**WHAT YOU SHOULD DO:**
Beginning at the line with "Maisonette for sale", please repeat each line exactly through the end of the records below, including that first line and the last, but no pictures.

(Captioned web image data)
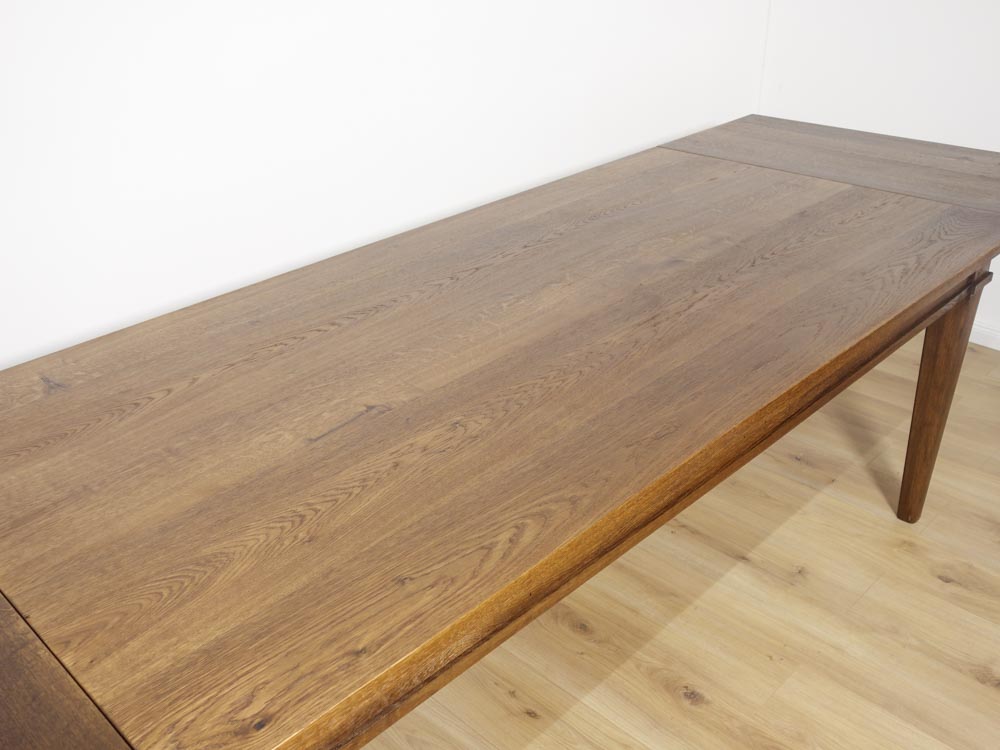 Esstische aus altem Eichenholz in Ihrem Wunschformat online kaufen!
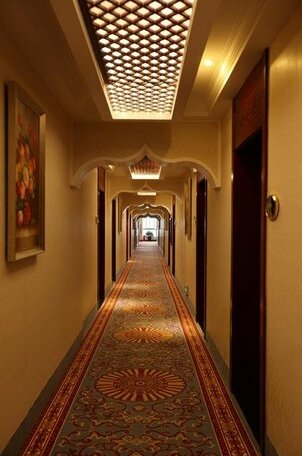 Westwood Holiday Inn - Photo3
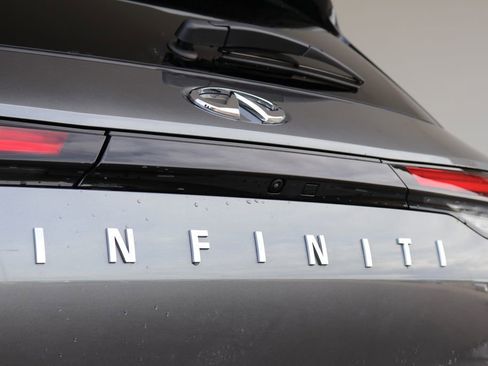 Certified 2025 INFINITI QX60 Luxe image 31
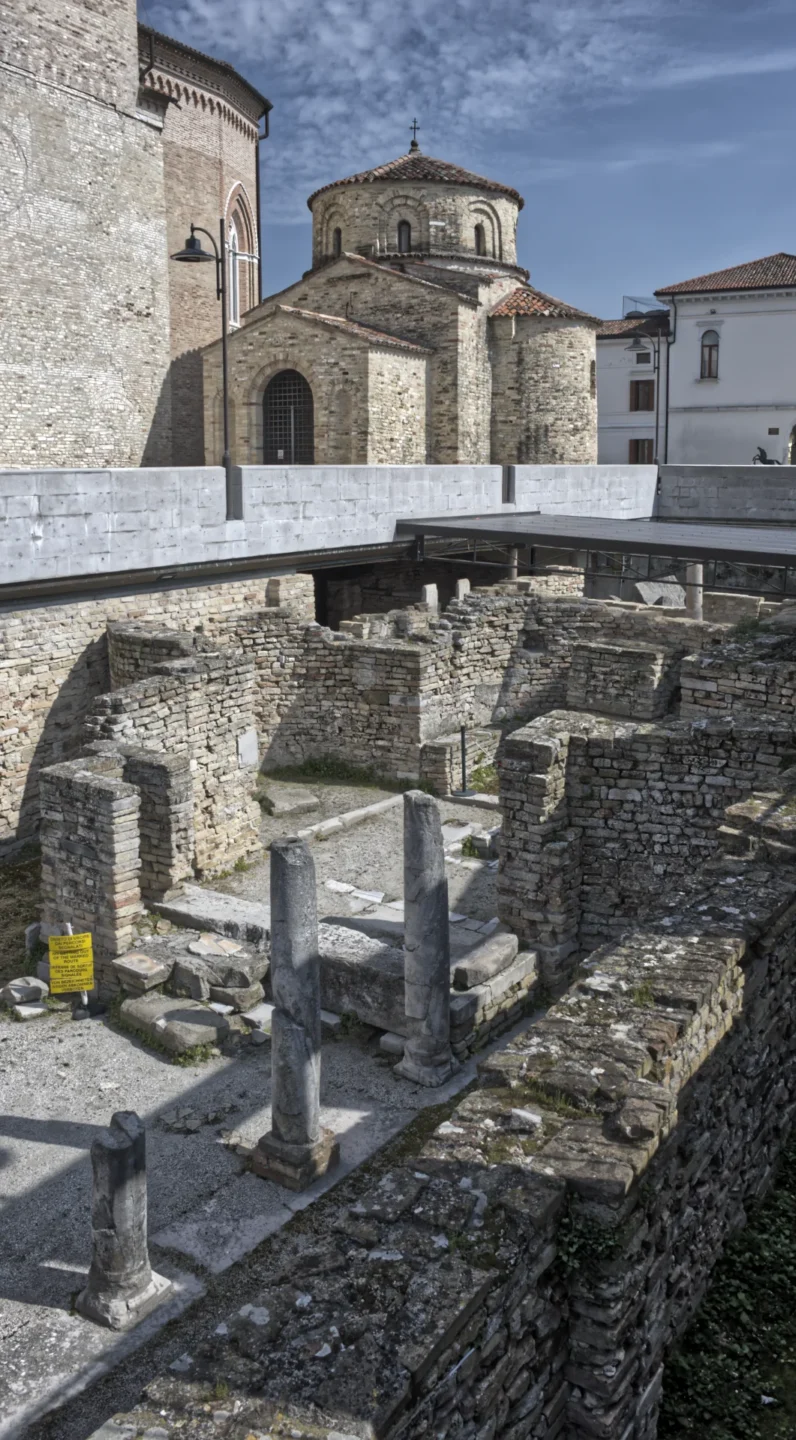 Il Battistero e il campanile romanico di Concordia Sagittaria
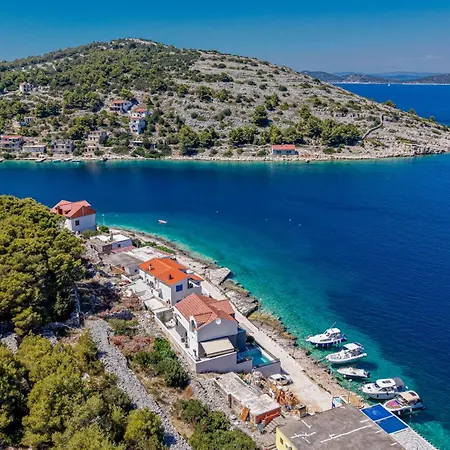 Venetta,beach House,pool,jacuzzi,satellite Internet-wifi,4x4 Utv Vehicle,sup Board,island Zirje, Sibenik Villa Zirje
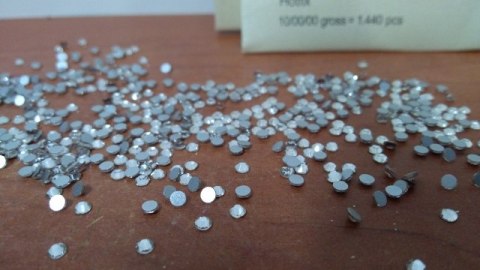Cyrkonie kryształki szlifowane rozmiar 2,7mm srebrny | CRSS10 Cyrkonie kryształki szlifowane rozmiar 2,7mm srebrny | CRSS10
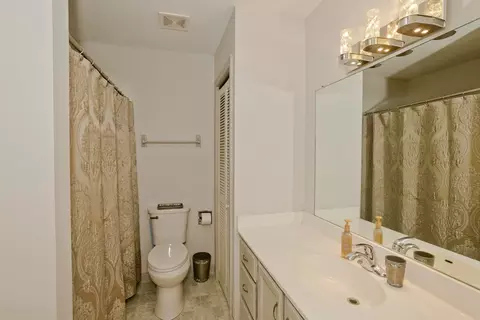 Bath - 61 Abbey Memorial Dr #187, Chicopee, MA 01020 photo 2 of 4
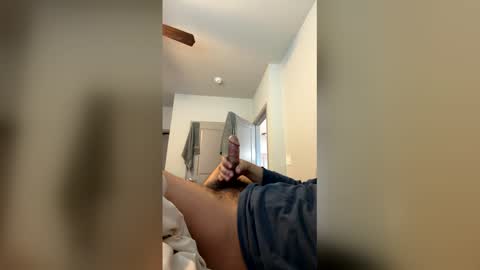Snapshot of j865769 chatting on 05-10-26, 08:36 j865769 online show from 05-10-26, 08:36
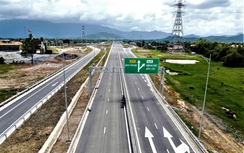 Chạy đua nối thông 4 tuyến cao tốc dịp 30/4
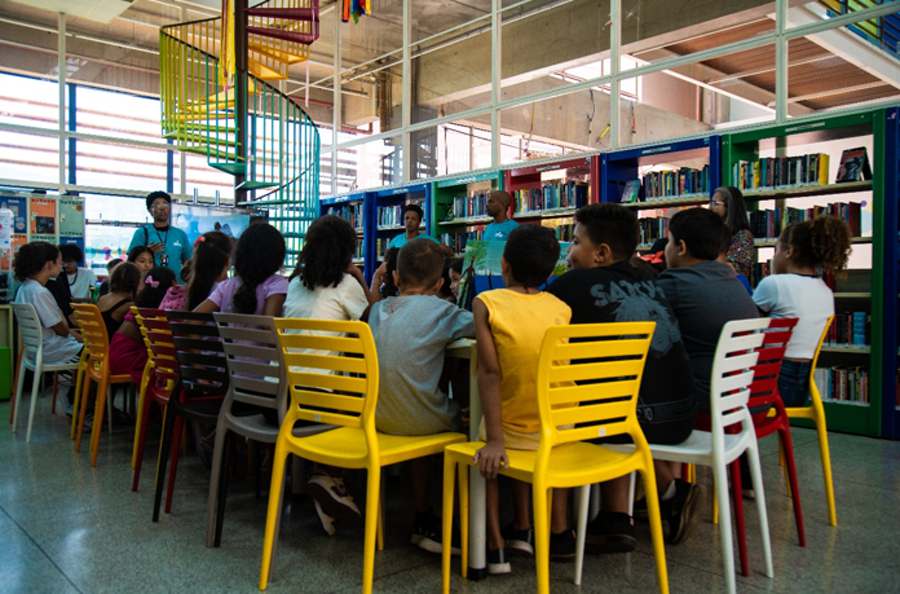 Fábricas de Cultura oferecem programação gratuita com oficinas, teatro e humor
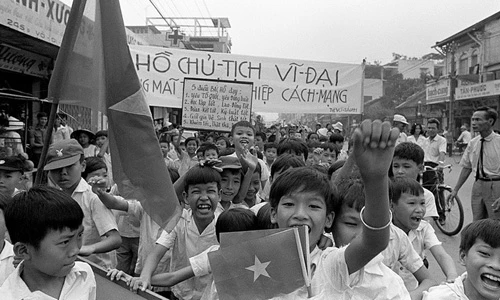 Hình ảnh đặc biệt về Sài Gòn tháng 5 năm 1975 (2)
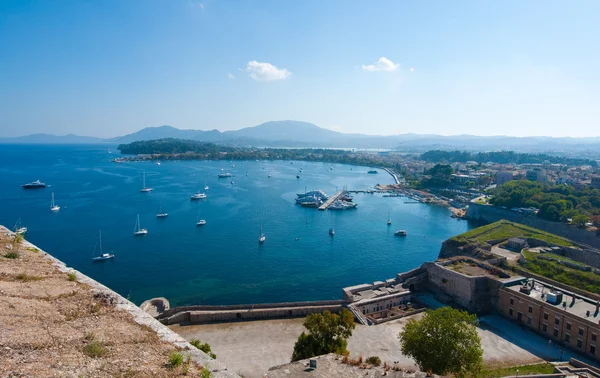 Panorama du port de Kerkyra depuis la vieille forteresse. Île de Corfou, Grèce . — Photo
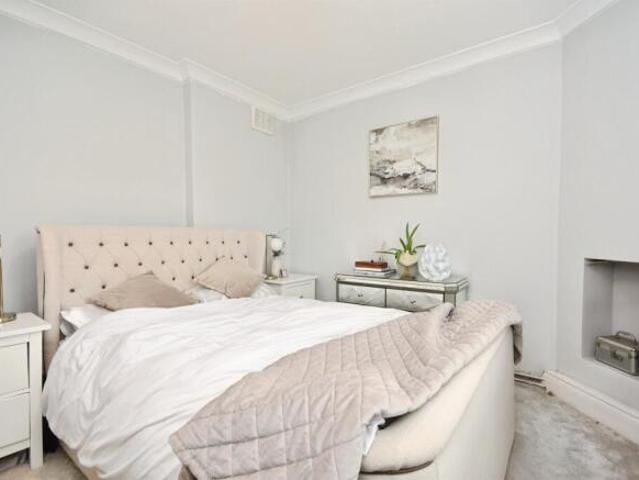 Maisonette for sale in Hutton Mount, Navestock Side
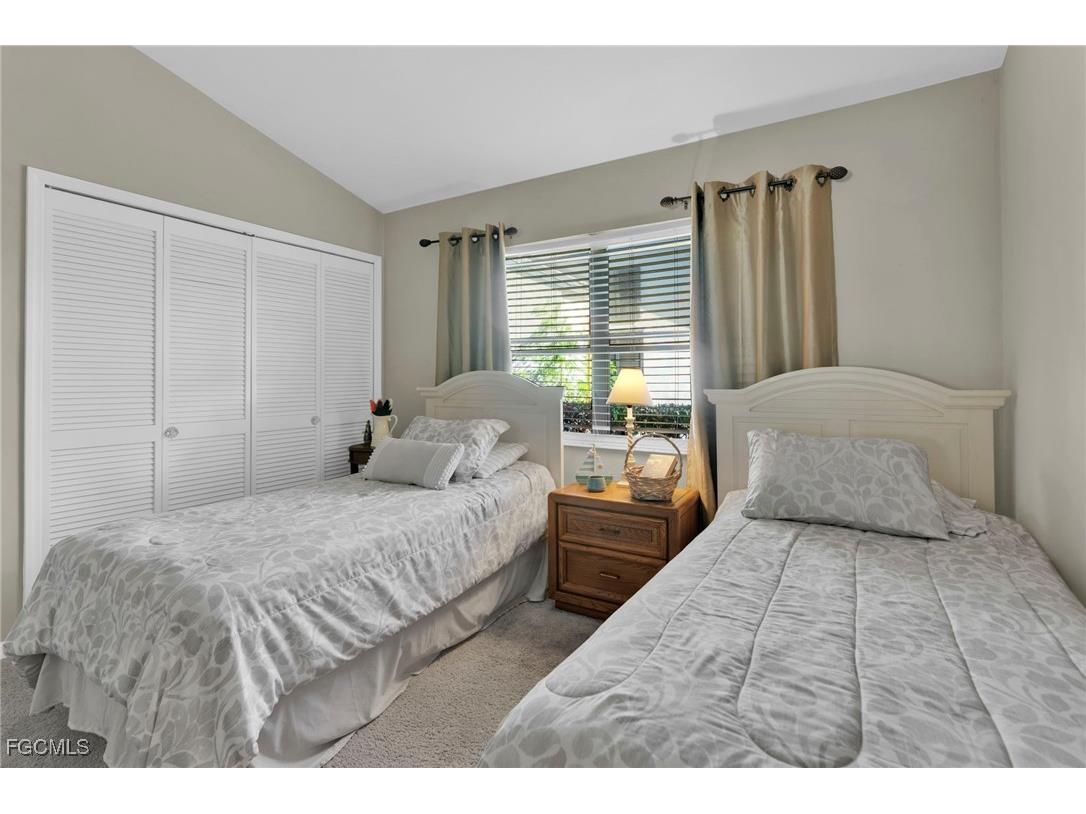 8866 Banyan Cove Circle Fort Myers FL 33919 2026001946 image34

**RESULT OF THIS EXERCISE:**
 Maisonette for sale in Hutton Mount, Navestock Side
 8866 Banyan Cove Circle Fort Myers FL 33919 2026001946 image34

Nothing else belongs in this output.